In his brief on appeal, High emphasizes that he has sued Karbhari, Cawthon, and Kerley in their individual capacities as well as their official capacities. To have standing to proceed against these defendants individually, High was required to allege facts tending to establish that his injuries are fairly traceable to misconduct engaged in by these specific defendants. See NiGen Biotech, 804 F.3d at 396; see also Lujan v. Defenders of Wildlife, 504 U.S. 555, 560-61 (1992). High's pleadings do not mention either Cawthon or Kerley by name, so he has failed to adequately plead that he has standing to sue these individuals. In addition, the only specific allegation High directs at Karbhari is that Karbhari "assigned the investigation of [High's] complaint to the Director of [Legal Affairs]." High does not explain how this act is "fairly traceable" to any of his alleged injuries.
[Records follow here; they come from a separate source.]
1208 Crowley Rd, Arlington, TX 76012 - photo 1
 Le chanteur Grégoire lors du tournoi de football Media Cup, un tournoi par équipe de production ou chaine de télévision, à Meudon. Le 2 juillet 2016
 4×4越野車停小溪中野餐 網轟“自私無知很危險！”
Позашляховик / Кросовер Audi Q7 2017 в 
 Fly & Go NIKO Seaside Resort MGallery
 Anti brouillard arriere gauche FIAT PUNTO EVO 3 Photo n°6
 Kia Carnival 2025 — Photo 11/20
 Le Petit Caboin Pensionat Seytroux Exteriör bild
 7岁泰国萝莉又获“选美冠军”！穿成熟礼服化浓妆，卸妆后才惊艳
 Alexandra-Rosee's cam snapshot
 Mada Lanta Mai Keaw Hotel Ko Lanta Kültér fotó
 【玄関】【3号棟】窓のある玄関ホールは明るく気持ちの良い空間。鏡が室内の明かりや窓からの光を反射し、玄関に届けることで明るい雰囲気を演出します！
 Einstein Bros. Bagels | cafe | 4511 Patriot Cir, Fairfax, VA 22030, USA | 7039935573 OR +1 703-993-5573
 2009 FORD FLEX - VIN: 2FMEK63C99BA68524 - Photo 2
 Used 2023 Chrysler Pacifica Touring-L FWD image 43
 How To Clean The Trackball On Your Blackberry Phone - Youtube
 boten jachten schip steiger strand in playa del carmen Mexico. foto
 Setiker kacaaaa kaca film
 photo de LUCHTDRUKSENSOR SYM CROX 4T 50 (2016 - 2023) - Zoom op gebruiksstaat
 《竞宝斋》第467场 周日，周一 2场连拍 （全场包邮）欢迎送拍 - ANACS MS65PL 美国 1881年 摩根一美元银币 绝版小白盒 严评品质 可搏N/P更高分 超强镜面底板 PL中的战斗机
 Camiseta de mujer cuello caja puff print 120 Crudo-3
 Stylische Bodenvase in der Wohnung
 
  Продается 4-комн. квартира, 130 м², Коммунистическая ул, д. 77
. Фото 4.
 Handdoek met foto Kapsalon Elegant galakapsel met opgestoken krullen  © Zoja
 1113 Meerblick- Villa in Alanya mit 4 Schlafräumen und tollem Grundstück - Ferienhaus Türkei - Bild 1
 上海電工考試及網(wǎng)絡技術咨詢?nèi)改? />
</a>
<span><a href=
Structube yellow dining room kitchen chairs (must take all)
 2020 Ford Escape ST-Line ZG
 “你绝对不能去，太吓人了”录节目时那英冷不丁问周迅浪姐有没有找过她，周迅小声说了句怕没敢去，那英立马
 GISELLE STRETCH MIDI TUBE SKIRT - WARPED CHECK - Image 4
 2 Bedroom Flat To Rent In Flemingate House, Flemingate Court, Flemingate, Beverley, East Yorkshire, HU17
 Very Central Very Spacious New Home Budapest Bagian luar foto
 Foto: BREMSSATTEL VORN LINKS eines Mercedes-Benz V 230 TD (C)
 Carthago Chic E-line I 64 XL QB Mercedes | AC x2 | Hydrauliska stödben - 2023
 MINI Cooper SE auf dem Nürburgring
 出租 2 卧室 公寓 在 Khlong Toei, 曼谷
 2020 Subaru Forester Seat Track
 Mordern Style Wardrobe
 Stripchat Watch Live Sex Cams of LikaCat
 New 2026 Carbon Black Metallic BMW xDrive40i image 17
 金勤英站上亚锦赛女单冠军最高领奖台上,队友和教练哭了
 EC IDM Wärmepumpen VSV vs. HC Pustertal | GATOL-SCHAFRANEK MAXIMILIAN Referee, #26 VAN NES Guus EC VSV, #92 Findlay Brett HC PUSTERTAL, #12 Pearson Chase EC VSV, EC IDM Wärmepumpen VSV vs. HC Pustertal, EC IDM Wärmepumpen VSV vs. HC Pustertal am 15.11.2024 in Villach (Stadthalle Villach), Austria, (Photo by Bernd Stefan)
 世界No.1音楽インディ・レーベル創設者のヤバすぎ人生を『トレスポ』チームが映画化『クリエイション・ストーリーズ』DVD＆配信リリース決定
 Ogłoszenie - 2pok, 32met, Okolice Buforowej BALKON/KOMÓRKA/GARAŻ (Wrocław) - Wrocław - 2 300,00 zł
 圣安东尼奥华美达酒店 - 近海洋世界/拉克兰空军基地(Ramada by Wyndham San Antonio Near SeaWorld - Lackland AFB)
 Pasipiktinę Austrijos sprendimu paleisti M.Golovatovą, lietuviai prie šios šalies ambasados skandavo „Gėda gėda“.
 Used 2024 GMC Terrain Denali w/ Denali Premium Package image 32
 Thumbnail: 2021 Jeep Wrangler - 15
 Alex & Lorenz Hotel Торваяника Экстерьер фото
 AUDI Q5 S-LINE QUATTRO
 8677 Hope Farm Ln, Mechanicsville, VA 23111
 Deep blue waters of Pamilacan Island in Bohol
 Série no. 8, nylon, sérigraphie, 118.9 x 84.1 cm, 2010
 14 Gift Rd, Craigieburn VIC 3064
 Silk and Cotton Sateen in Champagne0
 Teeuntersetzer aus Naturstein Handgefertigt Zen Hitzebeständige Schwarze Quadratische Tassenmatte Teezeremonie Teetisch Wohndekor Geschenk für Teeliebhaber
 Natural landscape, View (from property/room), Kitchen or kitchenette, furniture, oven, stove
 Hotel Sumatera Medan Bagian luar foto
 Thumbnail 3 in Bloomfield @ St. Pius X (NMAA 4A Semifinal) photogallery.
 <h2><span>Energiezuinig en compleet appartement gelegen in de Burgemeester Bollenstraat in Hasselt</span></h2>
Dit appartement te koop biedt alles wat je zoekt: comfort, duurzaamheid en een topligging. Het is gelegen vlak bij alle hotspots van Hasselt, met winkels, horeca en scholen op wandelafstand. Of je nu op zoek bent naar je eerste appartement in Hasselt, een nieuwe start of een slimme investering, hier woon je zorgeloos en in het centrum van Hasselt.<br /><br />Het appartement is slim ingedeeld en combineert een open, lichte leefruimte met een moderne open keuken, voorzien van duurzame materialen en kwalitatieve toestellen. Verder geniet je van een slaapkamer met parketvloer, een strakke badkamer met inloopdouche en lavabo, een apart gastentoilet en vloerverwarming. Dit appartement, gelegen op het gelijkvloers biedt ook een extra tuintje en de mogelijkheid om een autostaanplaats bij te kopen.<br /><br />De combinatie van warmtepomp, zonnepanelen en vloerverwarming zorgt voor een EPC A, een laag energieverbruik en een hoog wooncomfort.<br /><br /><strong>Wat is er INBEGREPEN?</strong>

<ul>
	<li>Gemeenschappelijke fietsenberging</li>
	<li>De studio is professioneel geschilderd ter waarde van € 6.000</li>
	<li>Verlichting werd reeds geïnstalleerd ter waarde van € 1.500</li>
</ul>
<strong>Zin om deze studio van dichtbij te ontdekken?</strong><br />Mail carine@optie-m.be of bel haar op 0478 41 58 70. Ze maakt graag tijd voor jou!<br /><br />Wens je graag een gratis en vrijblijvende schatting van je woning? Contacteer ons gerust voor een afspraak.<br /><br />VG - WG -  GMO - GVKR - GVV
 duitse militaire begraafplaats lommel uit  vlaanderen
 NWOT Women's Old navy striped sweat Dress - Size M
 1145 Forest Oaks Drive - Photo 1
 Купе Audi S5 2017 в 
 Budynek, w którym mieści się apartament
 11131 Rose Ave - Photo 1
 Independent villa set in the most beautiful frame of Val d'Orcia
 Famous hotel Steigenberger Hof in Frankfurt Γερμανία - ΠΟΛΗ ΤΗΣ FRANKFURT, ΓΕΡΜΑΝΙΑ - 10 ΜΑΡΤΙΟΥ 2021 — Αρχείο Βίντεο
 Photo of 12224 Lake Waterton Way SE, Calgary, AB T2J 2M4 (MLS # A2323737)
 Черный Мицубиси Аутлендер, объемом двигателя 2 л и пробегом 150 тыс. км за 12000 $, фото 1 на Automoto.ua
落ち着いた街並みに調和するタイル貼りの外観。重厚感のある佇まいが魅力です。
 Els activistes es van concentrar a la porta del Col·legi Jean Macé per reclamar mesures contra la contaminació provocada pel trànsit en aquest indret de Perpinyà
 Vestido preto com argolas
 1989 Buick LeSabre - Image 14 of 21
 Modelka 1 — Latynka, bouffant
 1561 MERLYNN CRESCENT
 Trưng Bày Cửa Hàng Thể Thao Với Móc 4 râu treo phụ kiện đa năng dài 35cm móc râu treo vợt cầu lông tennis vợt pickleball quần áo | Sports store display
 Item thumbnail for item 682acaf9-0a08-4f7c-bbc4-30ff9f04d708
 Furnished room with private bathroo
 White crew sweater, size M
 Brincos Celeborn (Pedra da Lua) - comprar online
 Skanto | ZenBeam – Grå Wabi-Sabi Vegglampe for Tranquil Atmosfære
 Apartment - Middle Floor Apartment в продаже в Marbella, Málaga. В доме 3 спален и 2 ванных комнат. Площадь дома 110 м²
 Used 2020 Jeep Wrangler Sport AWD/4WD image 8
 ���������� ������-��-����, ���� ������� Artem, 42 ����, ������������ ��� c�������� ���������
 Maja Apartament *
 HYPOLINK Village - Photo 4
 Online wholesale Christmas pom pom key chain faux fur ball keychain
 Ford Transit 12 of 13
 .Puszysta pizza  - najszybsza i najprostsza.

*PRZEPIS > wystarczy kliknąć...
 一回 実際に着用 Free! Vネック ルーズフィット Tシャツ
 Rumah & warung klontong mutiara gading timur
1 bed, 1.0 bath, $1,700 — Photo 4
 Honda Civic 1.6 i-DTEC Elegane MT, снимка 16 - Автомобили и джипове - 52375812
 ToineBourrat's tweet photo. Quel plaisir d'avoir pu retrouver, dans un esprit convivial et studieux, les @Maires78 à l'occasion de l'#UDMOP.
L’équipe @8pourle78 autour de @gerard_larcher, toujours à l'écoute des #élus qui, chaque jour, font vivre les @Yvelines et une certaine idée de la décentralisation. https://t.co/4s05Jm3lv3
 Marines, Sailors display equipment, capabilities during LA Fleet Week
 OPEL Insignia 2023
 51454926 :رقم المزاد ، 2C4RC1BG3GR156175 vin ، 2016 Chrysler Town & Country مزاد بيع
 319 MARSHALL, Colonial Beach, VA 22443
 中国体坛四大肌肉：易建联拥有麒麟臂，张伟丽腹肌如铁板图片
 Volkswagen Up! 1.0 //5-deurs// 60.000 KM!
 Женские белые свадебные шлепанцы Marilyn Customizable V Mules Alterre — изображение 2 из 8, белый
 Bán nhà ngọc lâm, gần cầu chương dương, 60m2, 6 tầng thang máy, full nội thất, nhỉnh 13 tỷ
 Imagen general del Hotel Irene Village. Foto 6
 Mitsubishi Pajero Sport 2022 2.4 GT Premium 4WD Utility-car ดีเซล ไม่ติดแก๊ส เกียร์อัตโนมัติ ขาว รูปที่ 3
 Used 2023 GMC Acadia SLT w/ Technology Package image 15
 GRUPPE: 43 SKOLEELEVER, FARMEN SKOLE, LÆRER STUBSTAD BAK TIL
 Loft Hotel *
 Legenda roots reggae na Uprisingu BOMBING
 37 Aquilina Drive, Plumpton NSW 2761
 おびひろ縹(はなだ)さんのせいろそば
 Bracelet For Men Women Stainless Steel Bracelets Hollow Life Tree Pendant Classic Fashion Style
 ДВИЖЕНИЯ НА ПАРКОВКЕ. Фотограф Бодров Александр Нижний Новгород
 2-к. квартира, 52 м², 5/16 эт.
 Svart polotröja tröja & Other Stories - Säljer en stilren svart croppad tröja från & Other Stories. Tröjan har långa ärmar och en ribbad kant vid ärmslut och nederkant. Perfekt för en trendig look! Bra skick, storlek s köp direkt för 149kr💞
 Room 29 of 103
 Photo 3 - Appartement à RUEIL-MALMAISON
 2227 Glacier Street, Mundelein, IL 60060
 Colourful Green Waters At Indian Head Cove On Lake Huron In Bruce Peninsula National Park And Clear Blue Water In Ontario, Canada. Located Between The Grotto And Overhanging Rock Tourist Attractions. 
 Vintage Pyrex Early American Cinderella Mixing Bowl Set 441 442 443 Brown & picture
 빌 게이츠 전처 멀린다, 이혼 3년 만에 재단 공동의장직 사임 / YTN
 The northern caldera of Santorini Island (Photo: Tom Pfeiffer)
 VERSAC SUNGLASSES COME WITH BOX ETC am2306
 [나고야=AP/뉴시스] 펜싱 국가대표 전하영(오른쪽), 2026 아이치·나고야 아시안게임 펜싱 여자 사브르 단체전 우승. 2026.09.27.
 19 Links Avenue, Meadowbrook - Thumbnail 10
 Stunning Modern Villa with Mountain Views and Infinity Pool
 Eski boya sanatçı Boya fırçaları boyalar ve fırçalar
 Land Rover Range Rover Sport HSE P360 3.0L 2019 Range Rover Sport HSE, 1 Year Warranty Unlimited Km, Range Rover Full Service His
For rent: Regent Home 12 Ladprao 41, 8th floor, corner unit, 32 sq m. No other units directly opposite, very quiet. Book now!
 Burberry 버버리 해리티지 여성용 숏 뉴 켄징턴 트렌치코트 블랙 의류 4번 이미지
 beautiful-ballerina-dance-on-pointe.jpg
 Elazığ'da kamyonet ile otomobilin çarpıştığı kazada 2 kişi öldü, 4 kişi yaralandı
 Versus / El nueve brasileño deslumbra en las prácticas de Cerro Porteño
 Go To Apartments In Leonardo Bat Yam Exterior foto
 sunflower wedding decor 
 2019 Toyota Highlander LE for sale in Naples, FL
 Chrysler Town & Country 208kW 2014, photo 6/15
Instead, the attachment to his complaint makes clear that the existence of the injuries he complains of "depends on the decisions of third parties not before the court," such as his professors and other university employees. Little, 575 F.3d at 540. Accordingly, the district court did not err in finding that High "fail[ed] to allege any facts tending to demonstrate that he has standing to sue" Karbhari, Cawthon, and Kerley individually. High's claims against the defendants in their individual capacities were properly dismissed.

B.

High has also sued Karbhari, Cawthon, and Kerley in their official capacities as representatives of UT Arlington. Because UT Arlington is a state university, High's suit is thus treated as a suit against the State of Texas and is therefore subject to the bar of state sovereign immunity. See Nelson v. Univ. of Tex. at Dallas, 535 F.3d 318, 320 (5th Cir. 2008). "Federal courts are without jurisdiction over suits against a state, a state agency, or a state official in his official capacity unless that state has waived its sovereign immunity or Congress has clearly abrogated it." NiGen Biotech, 804 F.3d at 393-94 (quoting Moore v. La. Bd. of Elementary & Secondary Educ., 743 F.3d 959, 963 (5th Cir. 2014)); see also U.S. Const. amend. XI.

In his pleadings, High attempts to state claims under an array of federal and state statutes and constitutional provisions, including the Fourth and Fourteenth Amendments to the U.S. Constitution, the Americans with Disabilities Act, the Family Educational Rights and Privacy Act, 42 U.S.C. § 1985, the Texas Education Code, and the Texas Penal Code. As the district court explained, High fails to plead facts indicating that his claims are not barred by sovereign immunity: he does not assert that the State of Texas has waived immunity from liability, nor does he state that Congress has expressly abrogated it. See NiGen Biotech, 804 F.3d at 393-94. Accordingly, High's claims are barred by sovereign immunity.

C.

To the extent High has alleged other claims not disposed of by our conclusions above, we agree that they are inadequately pleaded for the reasons set out by the district court. High has not pleaded any set of facts that would plausibly entitle him to relief or "allow[] the court to draw the reasonable inference that the defendant[s are] liable for the misconduct alleged." See Iqbal, 556 U.S. at 678. Thus, the district court did not err in dismissing High's claims under Rule 12(b)(6).

IV.

For the reasons described, we AFFIRM the district court's judgment of dismissal.